EXERCISE DATA START
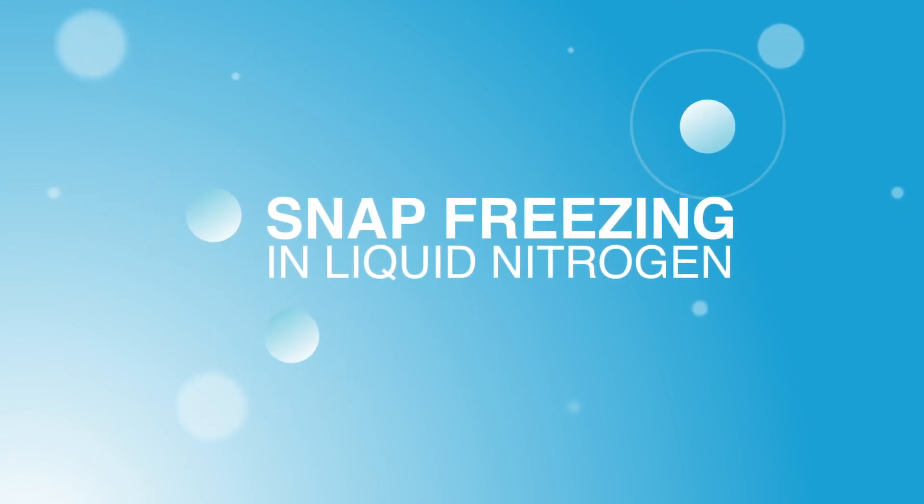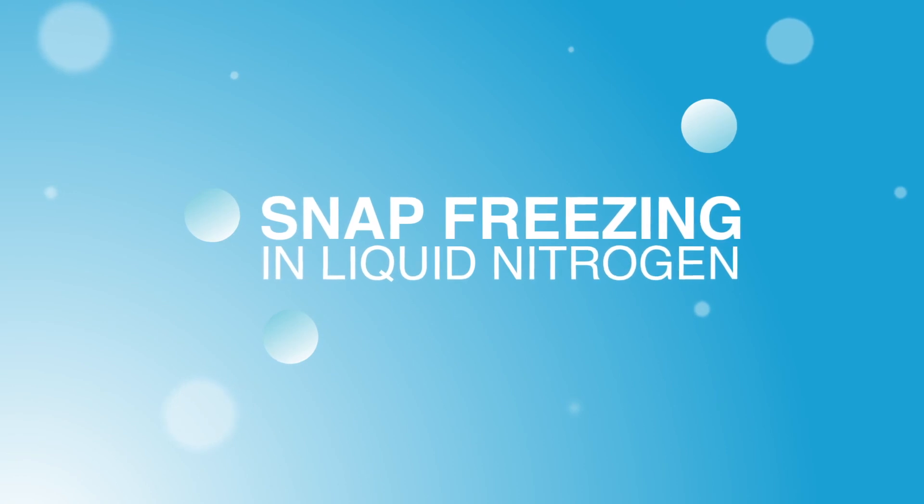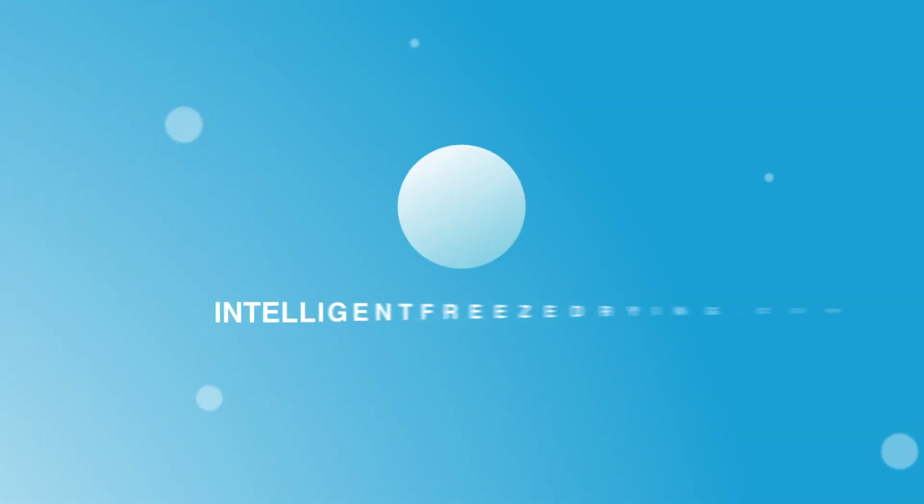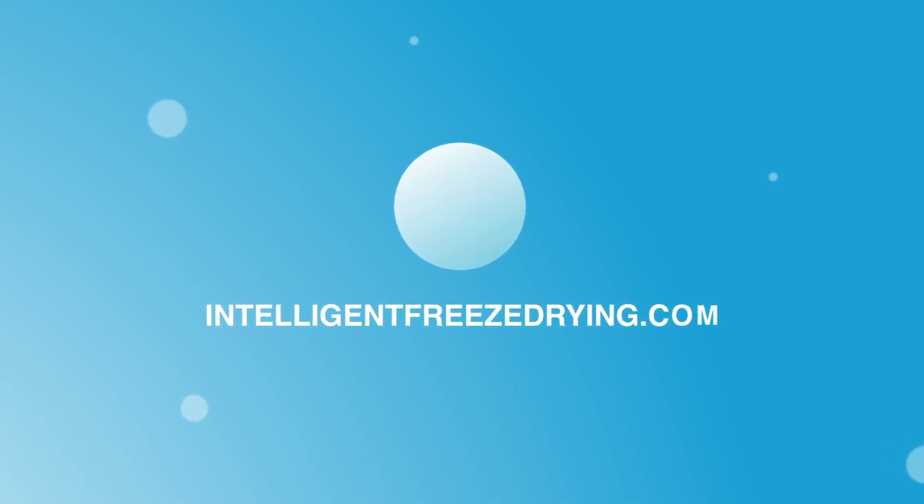So how does it work? Liabeads can be created through snap freezing in liquid nitrogen or through polymeric gelation. For more information on Liabead technology, please visit intelligentfreezedrying.com to contact a specialist.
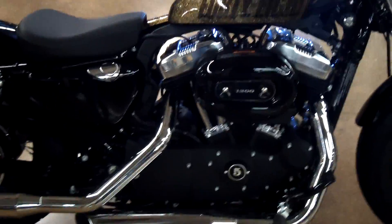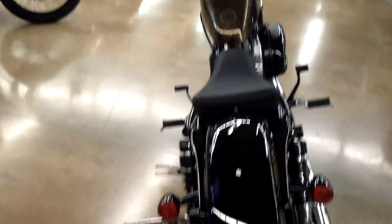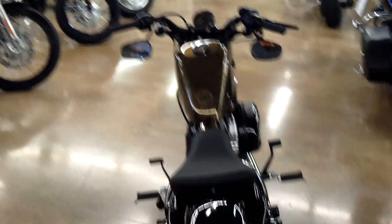1200 CCs, five-speed transmission, old-school styling — probably the coolest Sportster they've ever made to date. Blacked-out motor, big fat front tire.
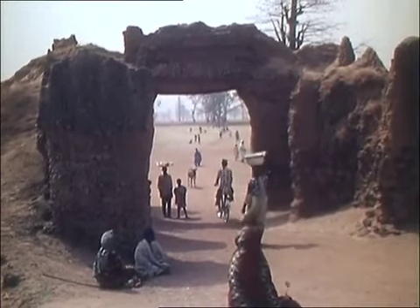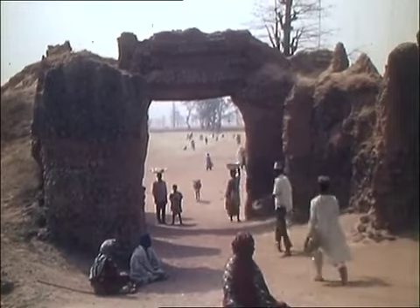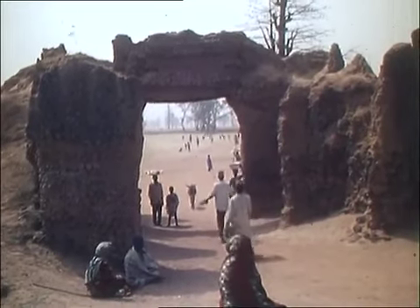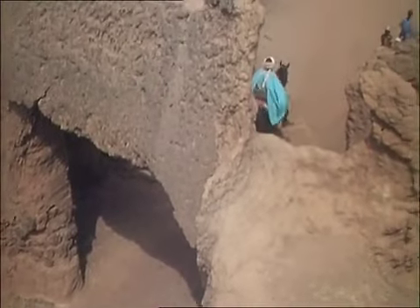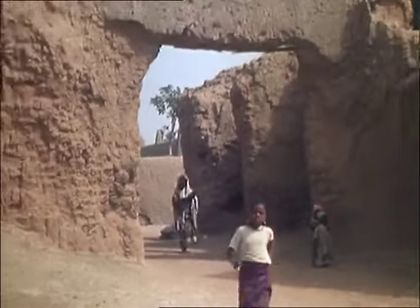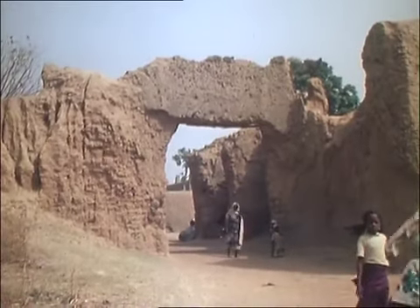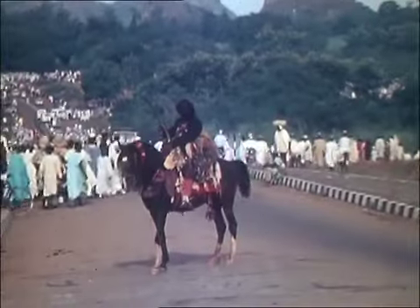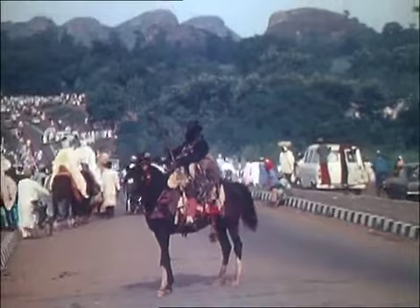The Hausa are a West African people. Most of them live in northern Nigeria. Most Hausa are Muslims, and their culture is a mixture of Africa and Islam.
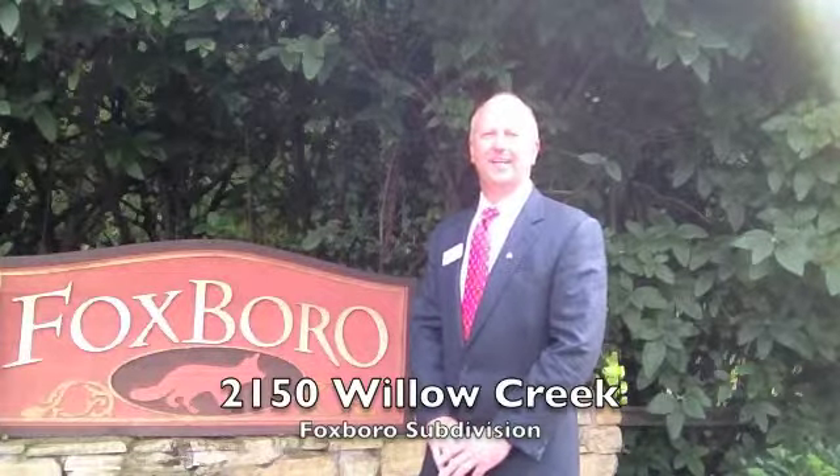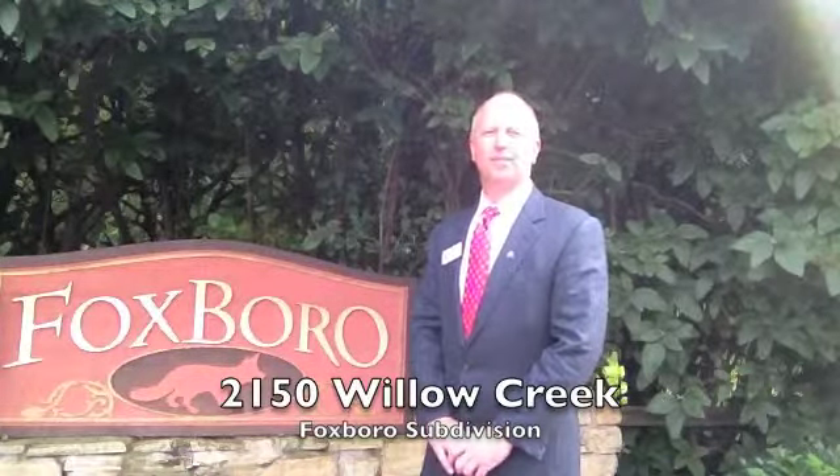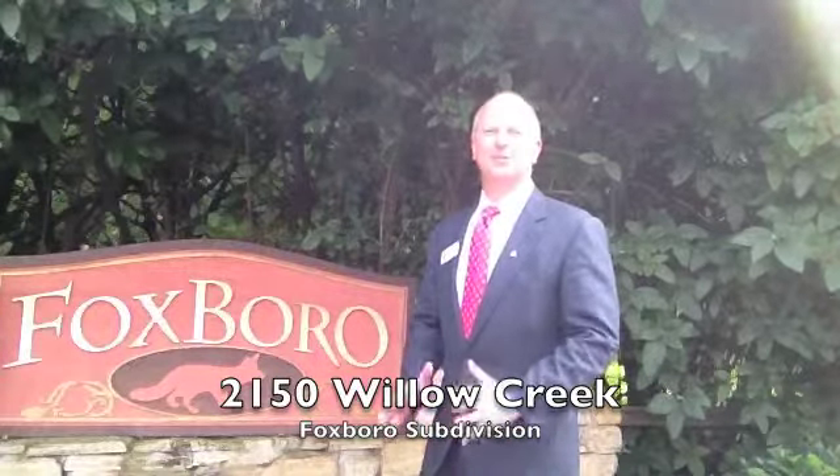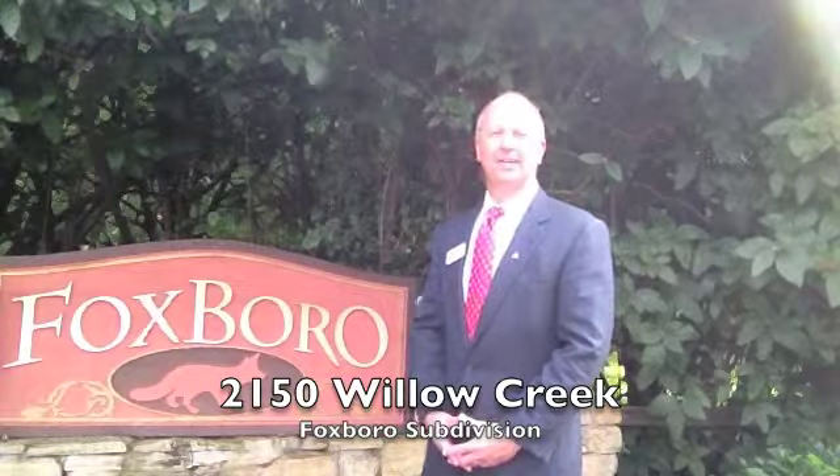Hello, this is Frank Goswitz with RE-MAX Preferred Properties in Knoxville, Tennessee, part of the Goswitz team, coming to you from our new listing at 2150 Willow Creek in the Foxboro subdivision. I promise you this home will not last long. It is a three bedroom, two and a half bath, 2135 square feet.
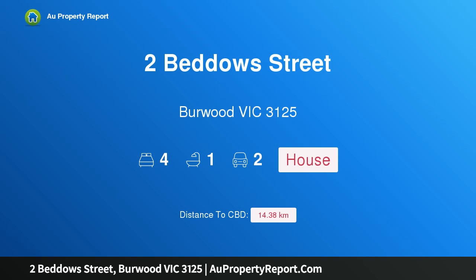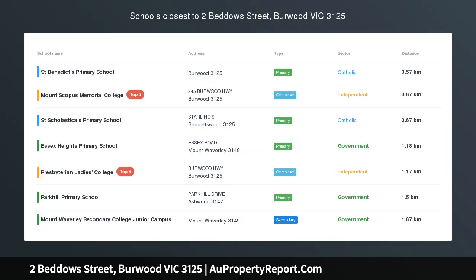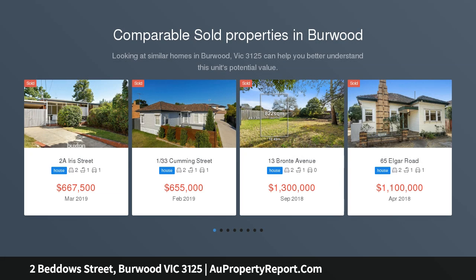Hi, I am glad to introduce Property 2 Beddows Street, Burwood Victoria, 3125. Immediate appeal, impressive potential, in a coveted location.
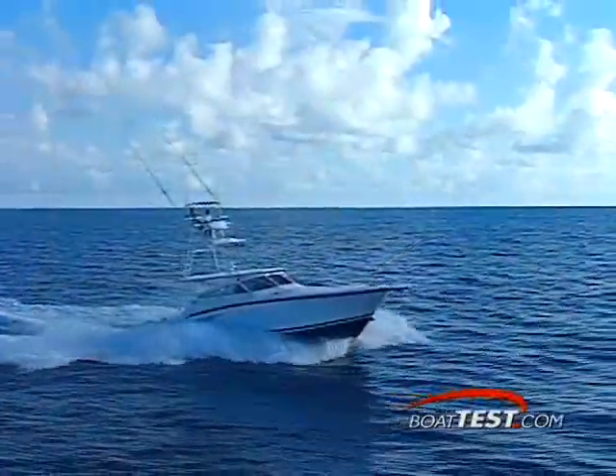Unlike most fishing machines, the Hargrave 45 is built to American Bureau of Shipping standards, and that's reflected in a rugged aluminum hull. So if you're looking for something unique and luxurious, take a look at the Hargrave 45.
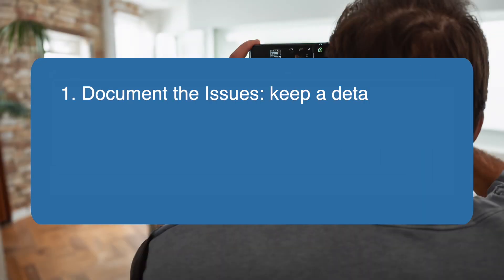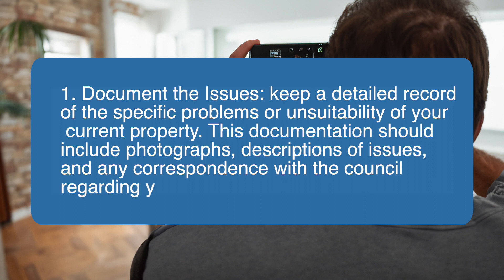If you believe your current property is not suitable but the council is not willing to relocate you, here are steps you can consider taking. One, document the issues. Keep a detailed record of the specific problems or unsuitability of your current property. This documentation should include photographs, descriptions of issues, and any correspondence with the council regarding your concerns.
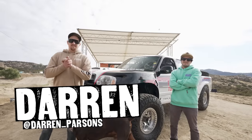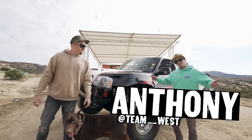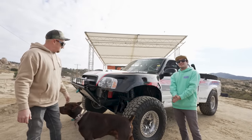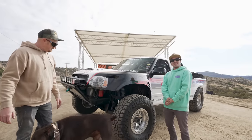We're out here — This vs. That, Carnage Edition. My name is Anthony West, Team West. I'm from Fullerton, California. We got my 2001 Toyota Tundra and we're going to try and send the shit out of it.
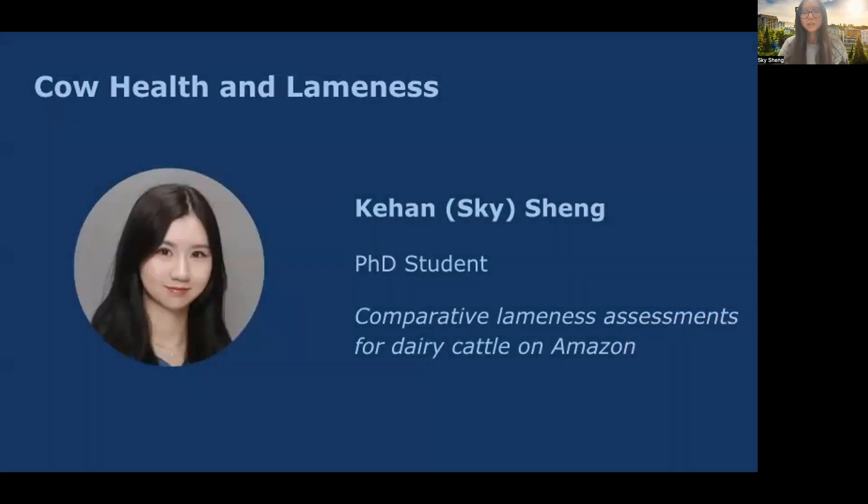Hello, everyone. My name is Sky Shen. I'm a PhD student in the Animal Welfare Program. As we know, it is vital to assess lameness longitudinally for dairy cows, but it's impractical to do so with manual lameness scoring.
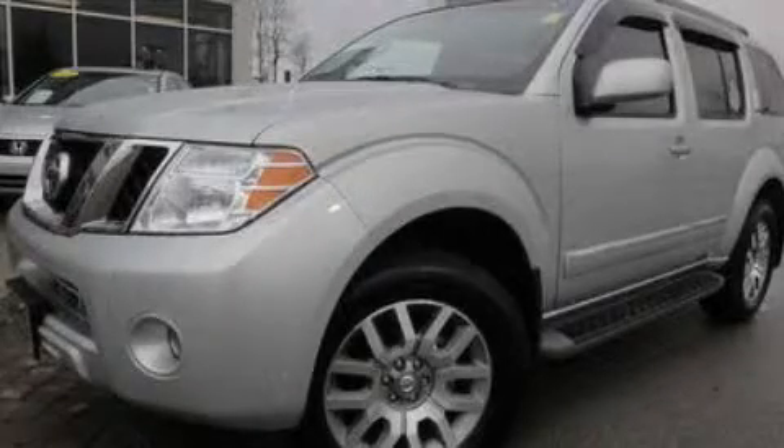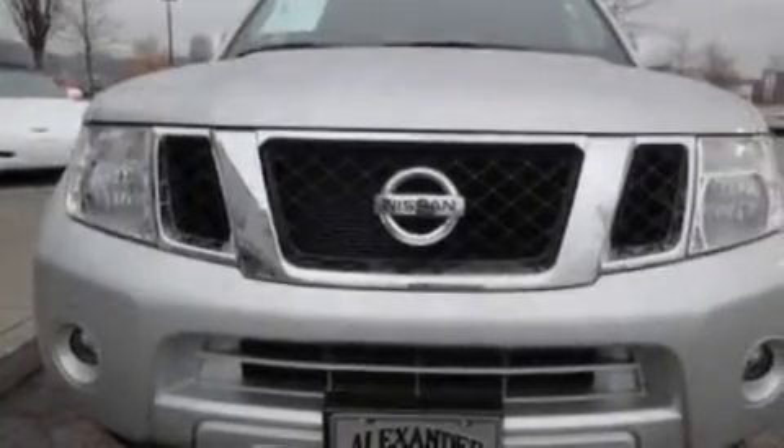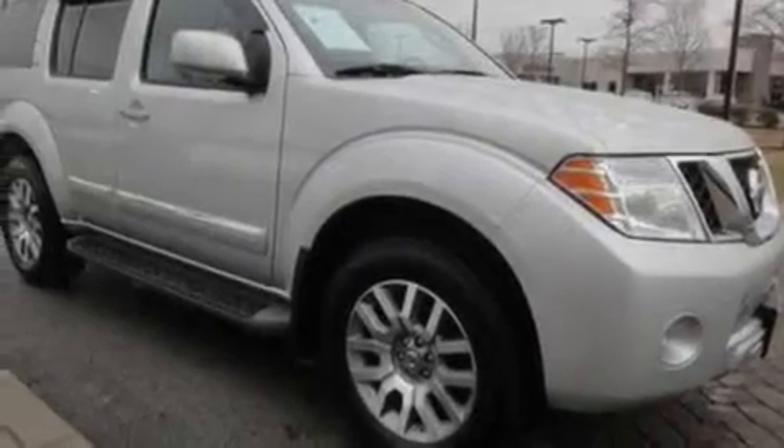This is a 2010 Nissan Pathfinder, a big SUV for big fun. It has a 4.0-liter six-cylinder engine, a five-speed automatic transmission, and four-wheel drive.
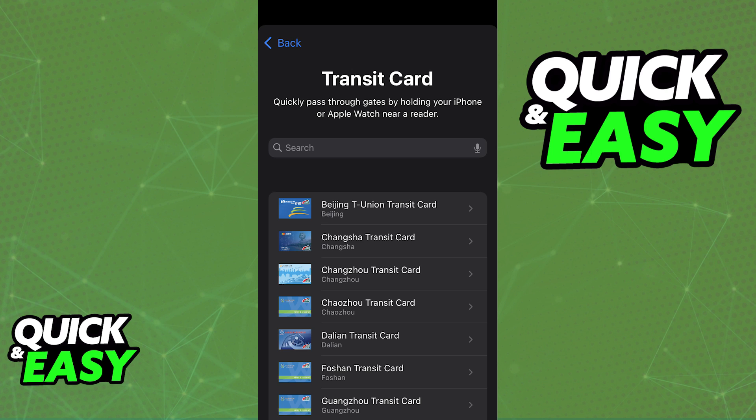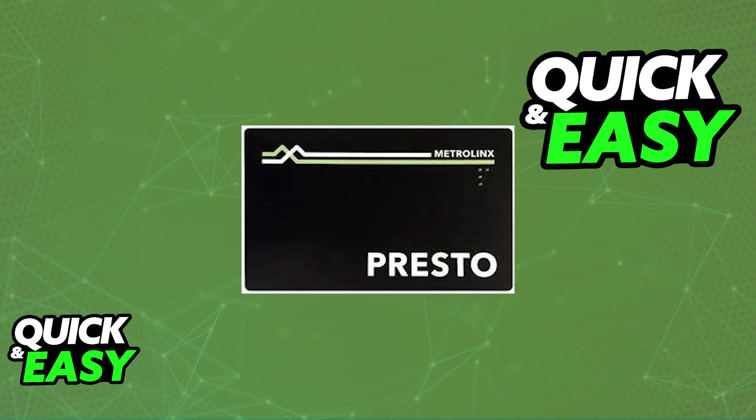So, as of today — June of 2023 — is Presto available on Apple Wallet and is it possible to input it so you don't have to carry the physical card around? Sadly, as it stands today, Presto is still not available inside of an Apple Wallet. You will need to carry the physical card until they add it to the list of transit cards available, and there is no workaround to this.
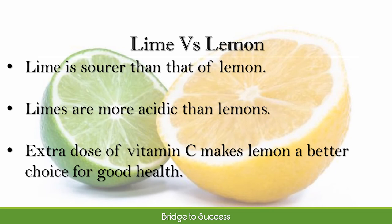According to experts, limes should be stored in the refrigerator at a constant temperature of plus 4 degrees for not more than 2 weeks, while lemons can be stored in the refrigerator or without, for about 2 months. Although they both carry similar nutritional content, the extra dose of vitamin C makes lemon a better choice for good health.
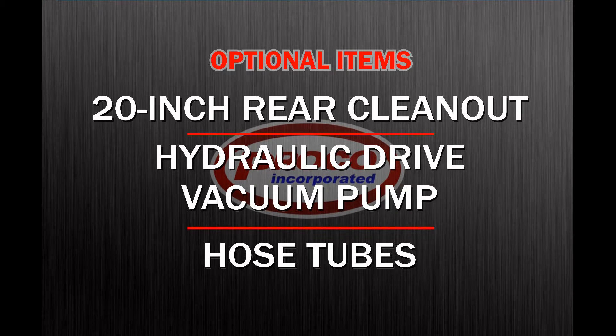Optional items for the tank include a 20 inch rear clean out, a hydraulic driven vacuum pump, and hose tubes. With our proven design, high quality materials, and carefully crafted construction, we have produced an easy to operate unit with a durability to provide you with years of dependable field service.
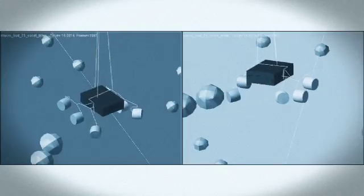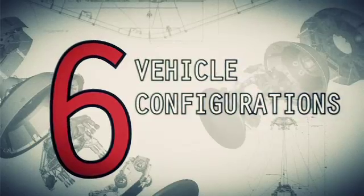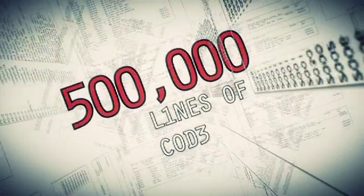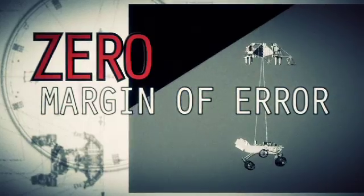When people look at it, it looks crazy. That's a very natural thing. Sometimes when we look at it, it looks crazy. It is the result of reasoned engineering thought, but it still looks crazy.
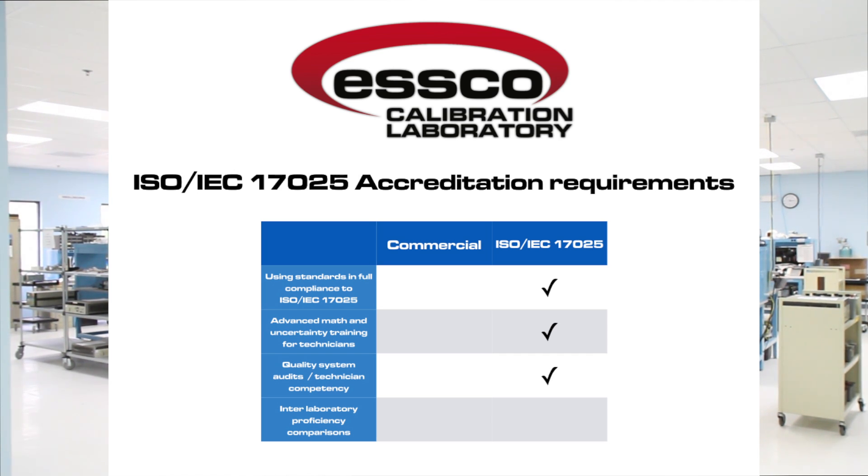including advanced mathematics and uncertainty calculations, quality management system audits, as well as assessment of the competency of every metrology professional, and participation in interlaboratory comparisons to test our proficiency.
EXERCISE DATA END
- [INSTRUCTIONS FOR THE TASK]: In the records above, copy exactly everything from the line that has "Optional items for" down to the line that has "When people look", both ends included, and leave out the pictures.

- [OUTPUT]:
Optional items for the tank include a 20 inch rear clean out, a hydraulic driven vacuum pump, and hose tubes. With our proven design, high quality materials, and carefully crafted construction, we have produced an easy to operate unit with a durability to provide you with years of dependable field service.
When people look at it, it looks crazy. That's a very natural thing. Sometimes when we look at it, it looks crazy. It is the result of reasoned engineering thought, but it still looks crazy.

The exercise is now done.